まさに原作をそのまま実写化したと言わんばかりの雰囲気は、彼らのリスペクト精神がひしひしと感じられて気持ちいいね。
また原作に対してだけでなく、「地獄の黙示録」や「博士の異常な愛情」という映画に向いている所もニヤリとするw

ストーリーは原作がヒューゴー賞の受賞作と言うだけあって、かなり見応えのある深いモノだった。
表面的なヒーロー映画ではなく、架空の世界での「核戦争一歩手前の冷戦構造」という歴史を描くことで、人間・国家の愚かしさ、正義の概念から平和の概念まで問うて来るというのには参った。
アメリカをカリカチュアしたと思われるキャラクター“コメディアン”。
神の視点では、もはや人間など関心の対象でもなくなってしまう“Dr.マンハッタン”。
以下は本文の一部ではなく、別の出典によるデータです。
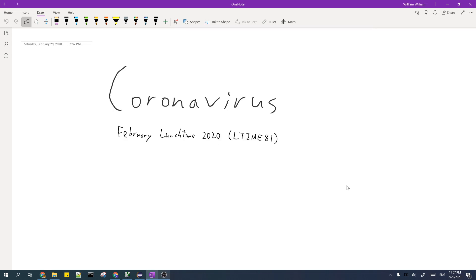In this video, I'll be going over the solution to the problem 'Coronavirus' from CodeChef February Lunchtime 2020.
犠牲によって作られる平和でもそれが正義と信じる“オジマンディアス”。
このあたりの比喩的な存在が良い。
ダークヒーローではあったが“正義”であることにこだわり続けた“ロールシャッハ”の最期が哀しい。
“ナイトオウル”と“シルク・スペクター”は“希望”の表現型だろうけども、作品全体としてみれば人間に対しての絶望が通奏低音の様に流れている気がする。
そこがこの作品の見応えでもあり、重く感じてしまうところでもあるかな。

2008年の「ダークナイト」がヒーロー映画の皮を被った犯罪映画なら、「ウォッチメン」はヒーロー映画の皮を被った見事なSF映画だった。それにしても世界観が深い。
深すぎて、何も知らずに見てしまうとついてくるだけでやっとの映画だろうね。
そういう意味では観る人を選ぶ作品だとは思う。